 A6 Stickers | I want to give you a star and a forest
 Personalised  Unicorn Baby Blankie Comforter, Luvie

■ ■ ■ ■ ■ ■ ■

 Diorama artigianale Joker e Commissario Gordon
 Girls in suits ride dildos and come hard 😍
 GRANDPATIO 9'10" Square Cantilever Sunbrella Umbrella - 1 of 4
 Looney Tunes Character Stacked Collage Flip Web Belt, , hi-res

■ ■ ■ ■ ■ ■ ■

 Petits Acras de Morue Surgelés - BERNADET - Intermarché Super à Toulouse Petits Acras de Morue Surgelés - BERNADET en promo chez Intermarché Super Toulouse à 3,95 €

■ ■ ■ ■ ■ ■ ■

### [TRY IT]
Only the lines above from the one with "Girls in suits ride dildos and come hard 😍" through the one with "Looney Tunes Character" should be duplicated, character for character.

### [TASK SOLUTION]
 Girls in suits ride dildos and come hard 😍
 GRANDPATIO 9'10" Square Cantilever Sunbrella Umbrella - 1 of 4
 Looney Tunes Character Stacked Collage Flip Web Belt, , hi-res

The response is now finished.